# Christmas Like



## huBelial (Apr 11, 2008)

Are there any classical piece that resemble Christmas music?


----------



## Chi_townPhilly (Apr 21, 2007)

Off the top of my head... The conclusion of Bizet's _L'Arlesienne_ suites interweaves the "March of the Three Kings" (the famous sojourners to the Nativity) into the finale there.


----------



## Rondo (Jul 11, 2007)

To name some songs I have seen on "Christmas" albums,

The chorale from Brahms' First symphony (finale)
Tchaikovsky's _March Miniature_
_Marcia alla turka_ from Beethoven's The Ruins of Athens 
_Ode to Joy_ from Beethoven's 9th (of course)
Mozart's _Rondo alla Turka_
Arnold's_Commonwealth Christmas Overture_
Williams' score for _Home Alone_
Bach's _Jesu, Joy of Man's Desiring_
Copland's _Appalachian Spring_

Then there are more traditionally-performed pieces, such as _Sleigh Ride_, and _Carol of the Bells_....composers aren't coming to mind.


----------



## shsherm (Jan 24, 2008)

A Russian composer who was a known homosexual and may have been forced to commit suicide for this reason but actually more likely died of cholera as more authorative sources state was Peter Ilich Tchaikovsky. His ballet "The Nutcracker" is likely the most performed ballet of all and especially at Christmas with music which to some degree signifies Christmas. In areas of the US where homophobia reigns, this music is still among the most popular in the Christmas holiday season. Does anyone else sense some hypocrisy in these circumstances? (I am hetero).


----------



## Rondo (Jul 11, 2007)

I was going to mention _The Nutcracker_, but the original author of this topic had already mentioned it so I assumed they knew. But, you are correct it is overplayed....but I'm not quite following you with the rest of your post.
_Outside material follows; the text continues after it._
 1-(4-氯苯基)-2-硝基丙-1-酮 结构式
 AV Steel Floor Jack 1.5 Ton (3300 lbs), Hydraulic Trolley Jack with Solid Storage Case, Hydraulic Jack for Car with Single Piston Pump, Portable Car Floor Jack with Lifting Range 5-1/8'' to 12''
I believe Tchaikovsky is best known for his work, and not his sexual orientation. Therefore, it doesn't really make a difference either way.


----------



## BuddhaBandit (Dec 31, 2007)

Check out some of Bach's vocal work, especially the *Magnificat* and the aptly-named *Christmas Oratorio*. Then, of course, there's Handel's ridiculously overplayed *Messiah* and, if you want to go a little farther, Poulenc's wonderful *Quatre Motets Pour le Temps de Noël*


----------